2014年03月12日

「信濃の国」考 3


 その後、病気で休職した依田弁之助に代わって音楽教師として北村季晴が青森から赴任して来る。彼は東京生まれの東京育ち、明治学院から東京音楽学校に進んだという新しい時代の青年であった。
 そんな彼に運動会に行う遊戯の作曲が依頼されたのだ。この作曲に彼はずいぶん苦しんだようである。浅井の詞「信濃の国」を選んだのは、詞として格調高く優れているということもあっただろうが、長野県内の名所旧跡をあまねく詞の中に歌い込んでいるということも北村が選んだ理由ではないかと思う。
 師範学校の生徒は県内各地から来ている。教師もまた同様である。この詞が好まれないはずはないと北村は思ったことだろう。
 さらにこの曲調である。女子の遊戯といえば「美しき天然」といった優雅なメロディーのものが選ばれると思いきや、意表をついて「信濃の国」だ。
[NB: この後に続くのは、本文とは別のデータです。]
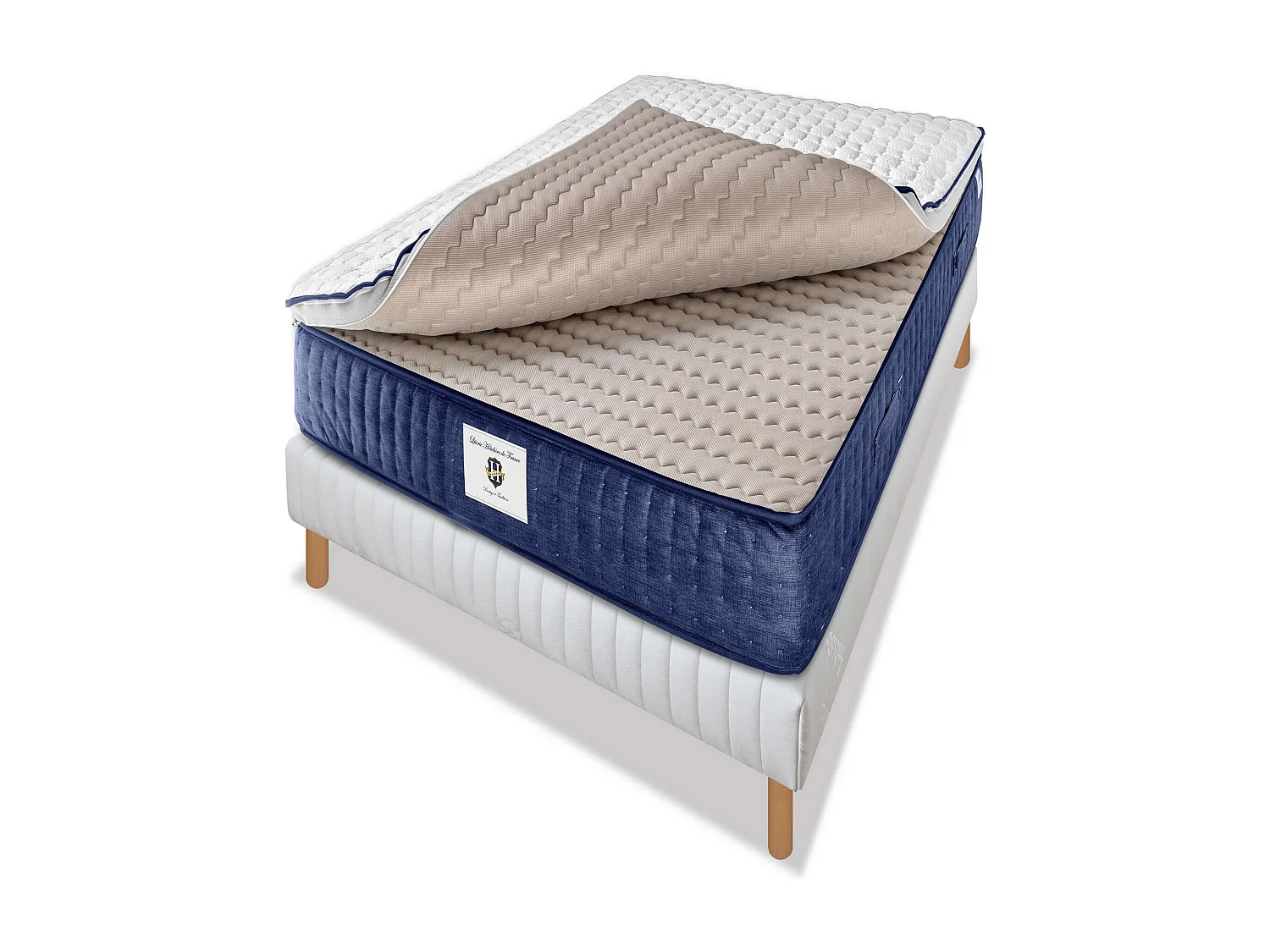 Ensemble CHANTILLY - matelas 2 places + 1 sommier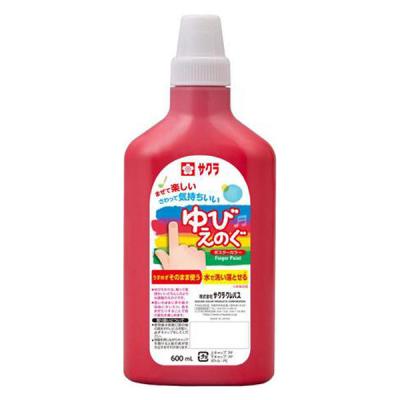 サクラクレパス ゆびえのぐ600ml あか UW600#19 1個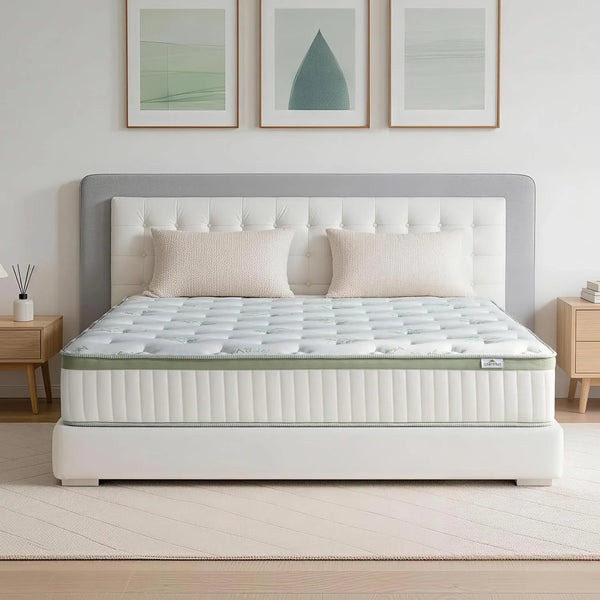 Full Size Mattress 12 Inch, Medium Firm Memory Foam Hybrid Mattress with Individual Pocket Spring - Pressure Relief, Motion Isolation, Cool Sleep, 54" X 75"1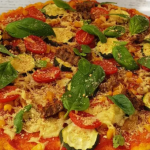 Ricetta pizza vegana con base di polenta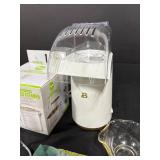 Kitchenware Collection with Glass Measuring Cup, Pressure Cooker Steamer, Popcorn Maker, and Utensils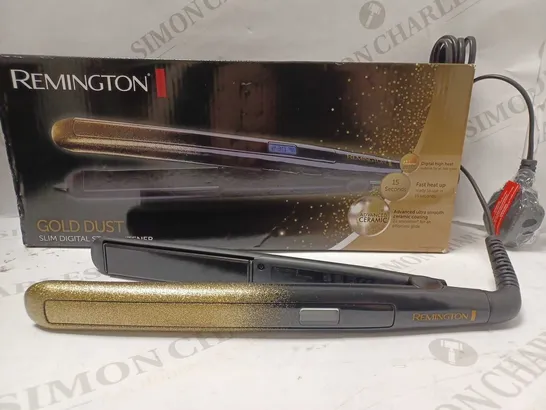 REMINGTON GOLD DUST DIGITAL HAIR STRAIGHTENER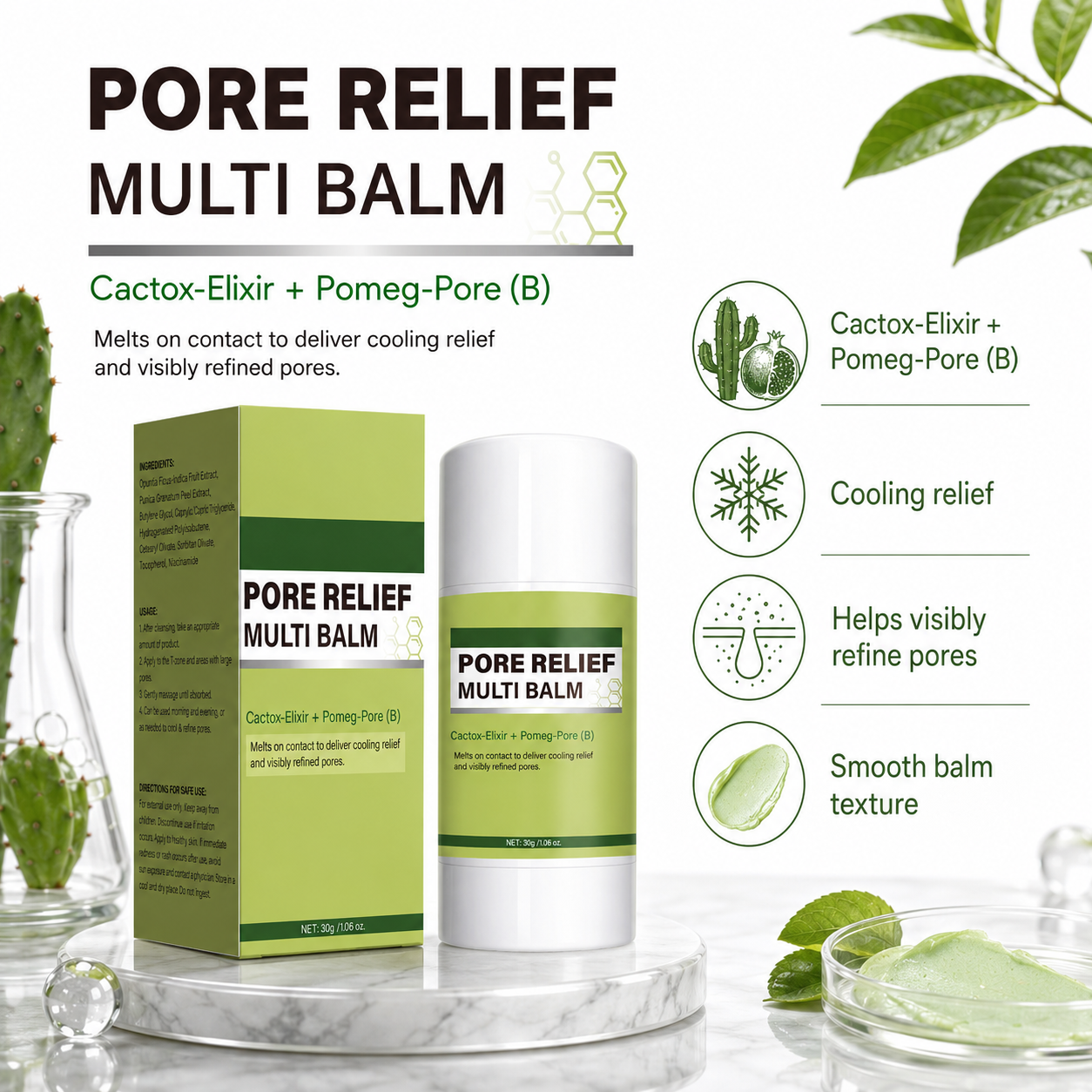 Pore Relief Multi Balm with Cactox-Elixir & Pomeg-Pore 30g
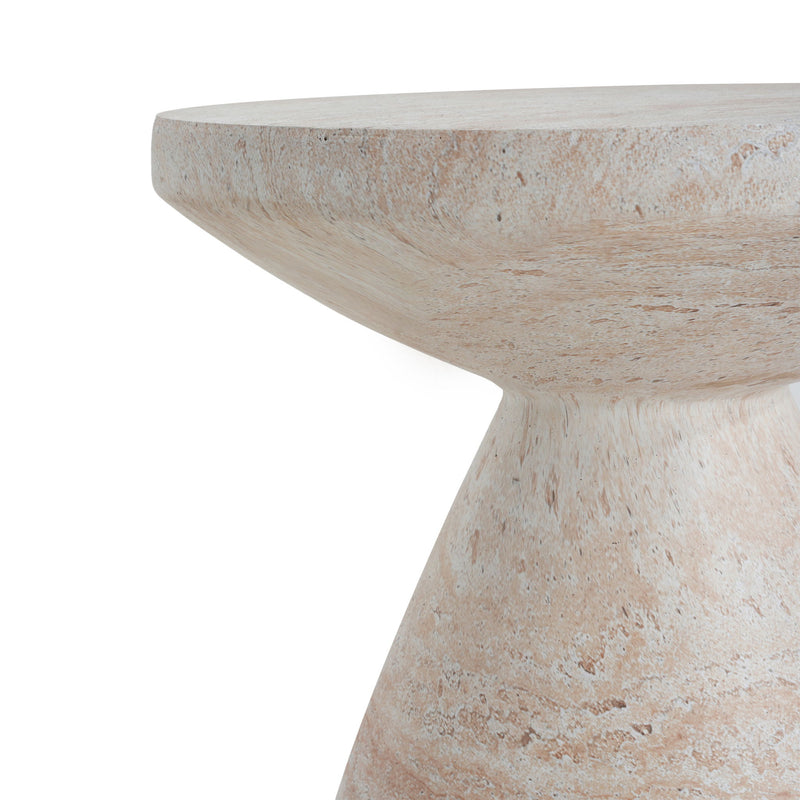 Outdoor / Indoor Lightweight Concrete Side Table
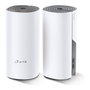 TP-Link Deco E4 2-Pack Sistema WiFi Mesh AC1200, 2 Routers Extensores, Blanco/Gris, Doble Banda 2.4/5 GHz, Wi-Fi 5 (802.11ac), Control Parental, Incluye Cable Ethernet
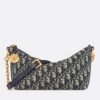 Dior Diorstar Hobo Bag with Chain in Blue Oblique Jacquard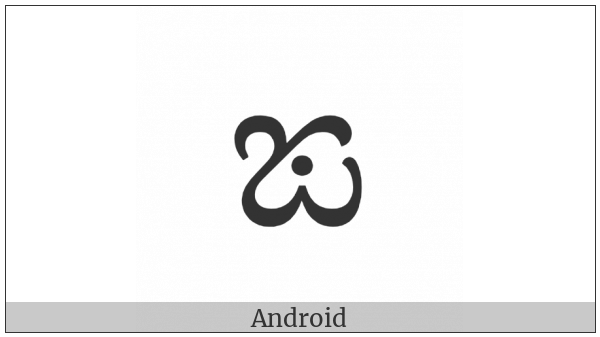 Kannada Letter Nga on various operating systems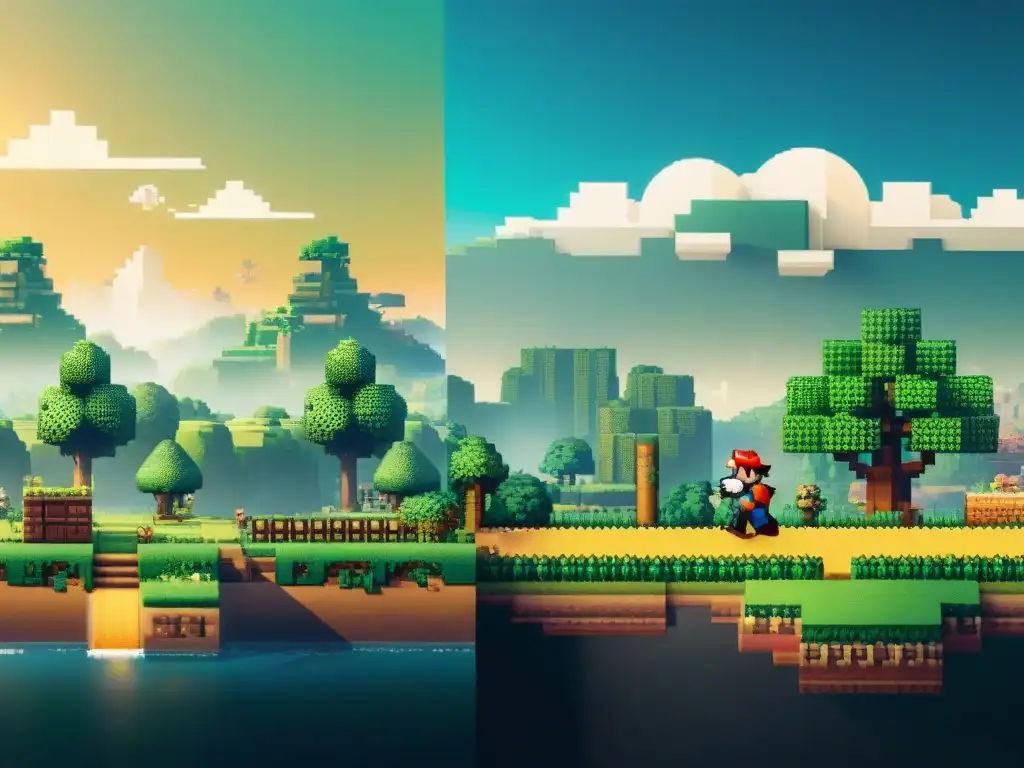 Evolución gráfica videojuegos: de lo pixelado a lo 3D, una comparativa impactante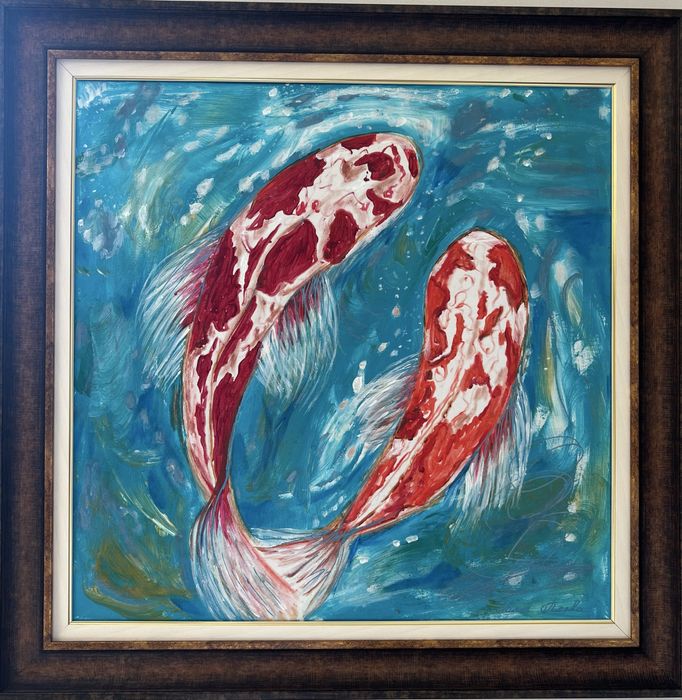 “Любов по залез”, смесена техника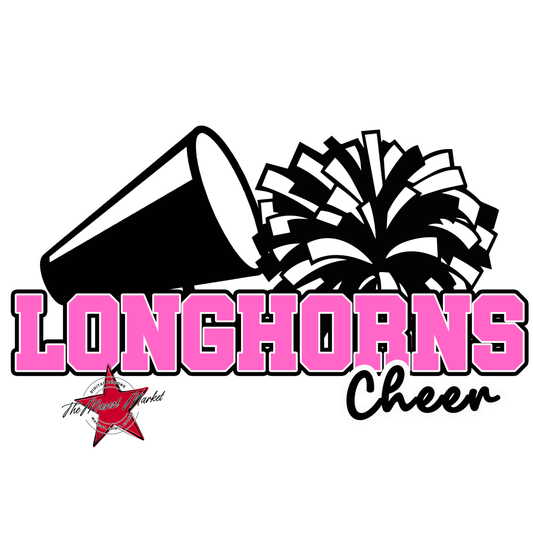Longhorns Varsity Cheer-Baby Pink
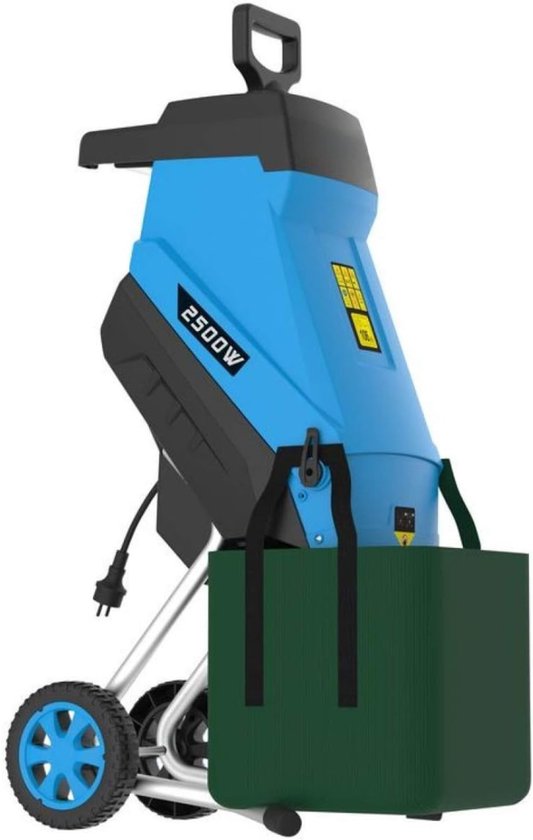 MIRA® Professionele Hakselaar Versnipperaar - Hakselaar Electrisch 50L - Versnipperaar Hakselaar – Blauw - 49cm x 40cm x 104cm van Merkloos	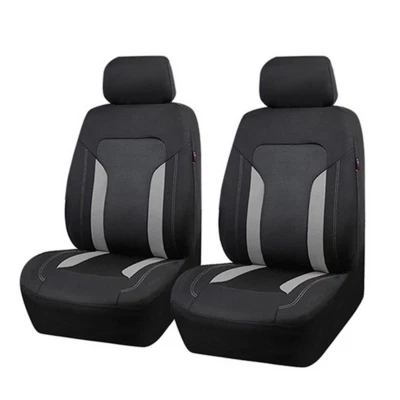 Car Front Seat Covers Cushion Protector Breathable Mesh Fabric Accessories 2Pcs - Image 1 of 4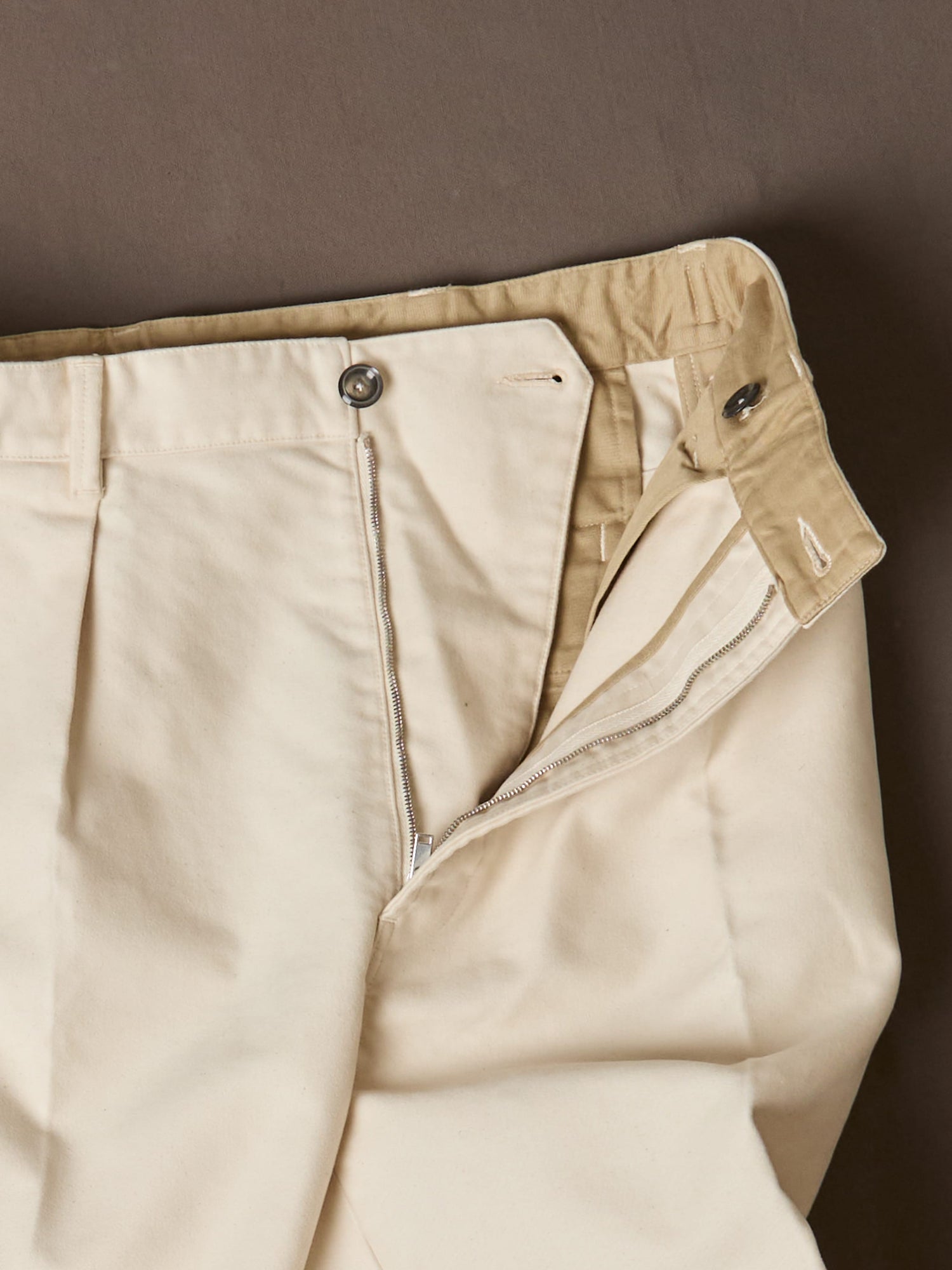 Ecru Moleskin Games Trouser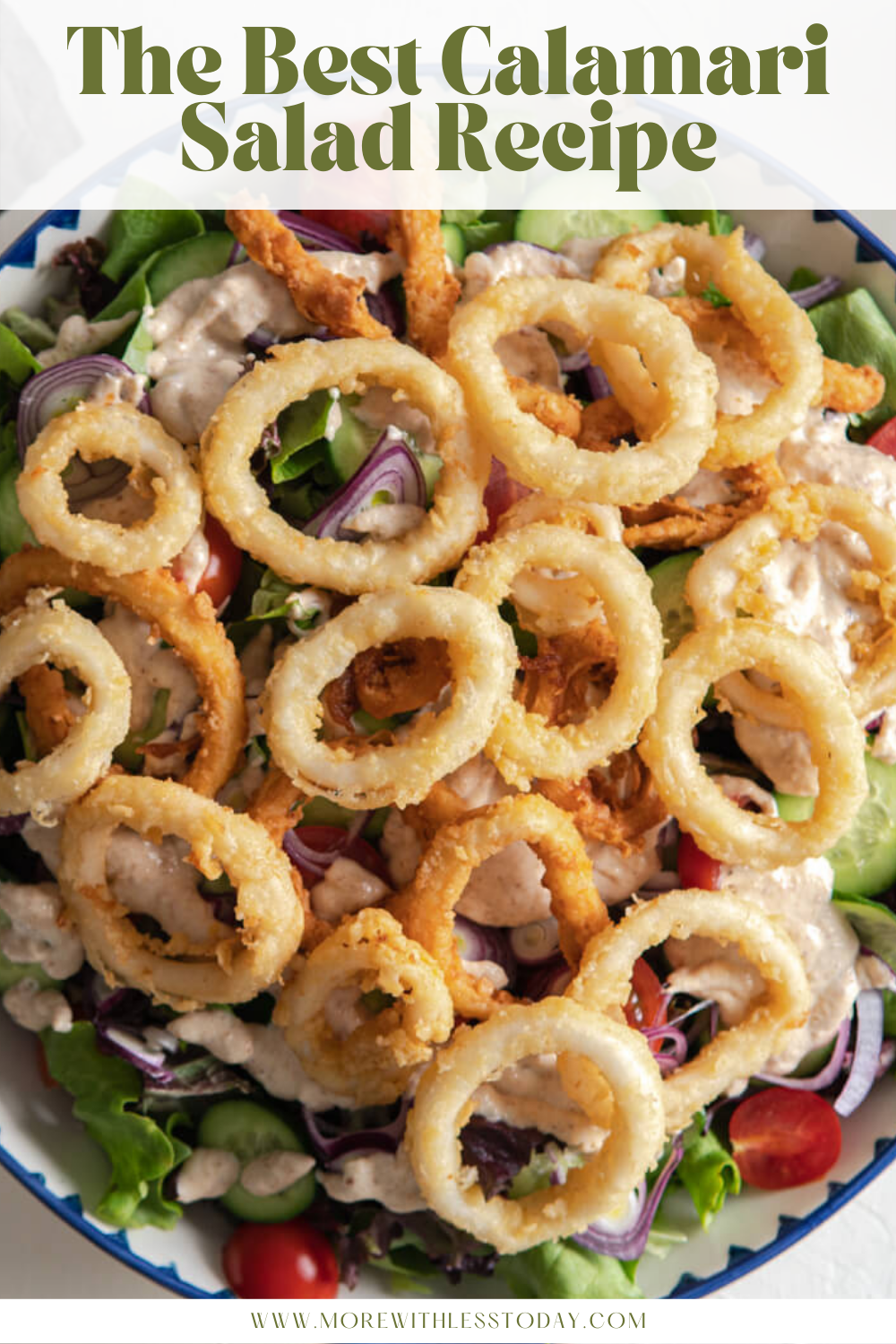 PIN for The Best Calamari Salad Recipe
運動会の観客に新鮮な衝撃を与えたことは間違いない。
 北村自身の言葉ではないが、浅井が北村から聞いた話として、先の回想の中で次のように述べている。
「北村君は作曲した後で依田君の作った譜のあることを聞いて、それがあるならば別に作るのではなかったが、知らぬ故に女生徒の請うままに運動会の前に急遽作曲せり、蓋し依田君の譜は高尚にして宜しけれども習ってよく練習せねば誰でもまねることは難しいが、我が作曲は卑近平凡にして誰にもまねがしやすいから広く一般に歌うには我が作曲の方が歌われるならん。但し第四戴は練習を要する云々と語りたり。果たして作曲の難易に関せしにや。」
 最後の一言が意味深である。北村は謙遜してああいっているが、結構自信をもって作曲したのだということが浅井にはわかっていたのだろう。
 その後の「信濃の国」は師範学校の校歌となり、卒業生によって県内各地のこどもたちに伝えられていったことはご存じの通りだ。しかし、あの運動会の日の最初の衝撃がなければ、こうまで長く歌い継がれる曲とはならなかったかもしれない。